=== Information supplied ===
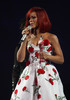 Rihanna+BRIT+Awards+2011+Show+e40-cAbv8MIl
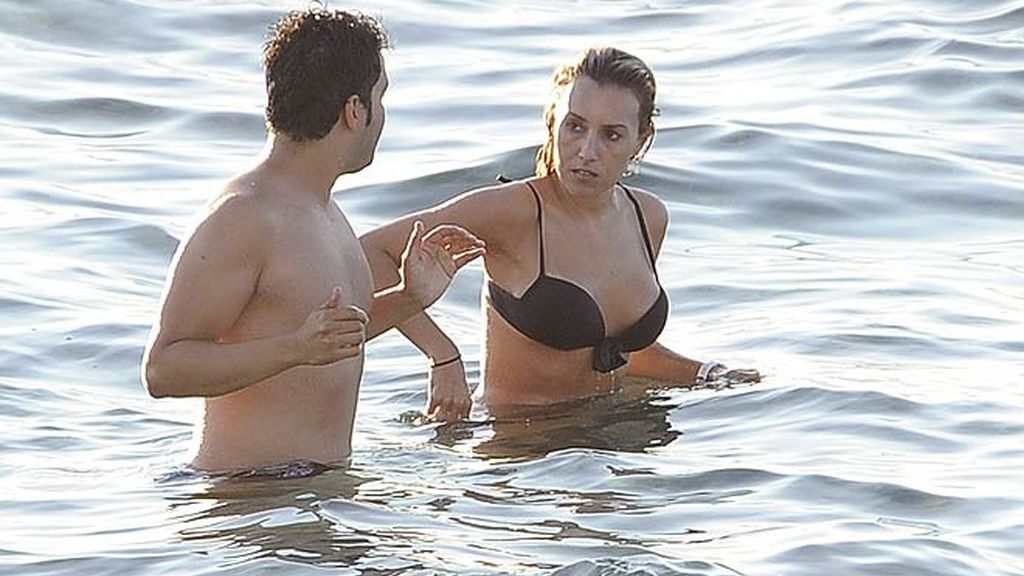 Berta Collado en Ibiza con... otro
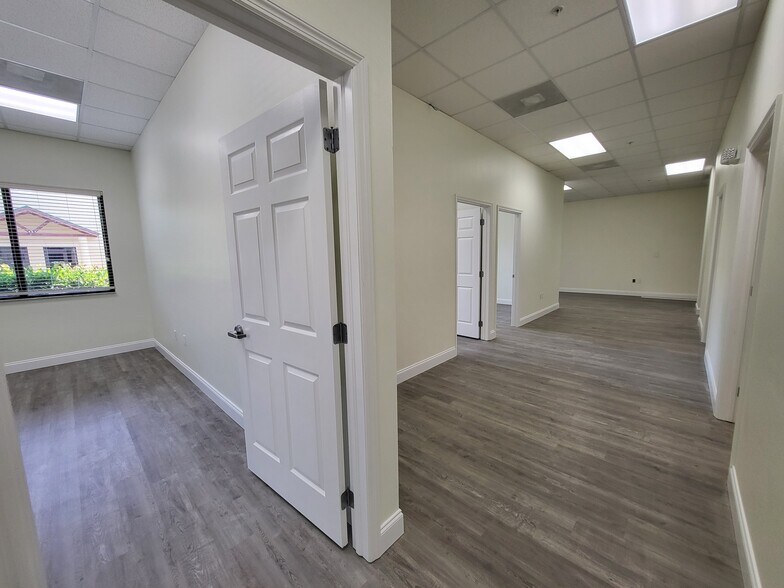 10970 S Cleveland Ave, Fort Myers, FL à vendre - Photo intérieure – Image 3 sur 12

=== Required action ===
In the answer, all of the material should appear exactly as given, with no picture carried over.

=== Exercise response ===
 Rihanna+BRIT+Awards+2011+Show+e40-cAbv8MIl
 Berta Collado en Ibiza con... otro
 10970 S Cleveland Ave, Fort Myers, FL à vendre - Photo intérieure – Image 3 sur 12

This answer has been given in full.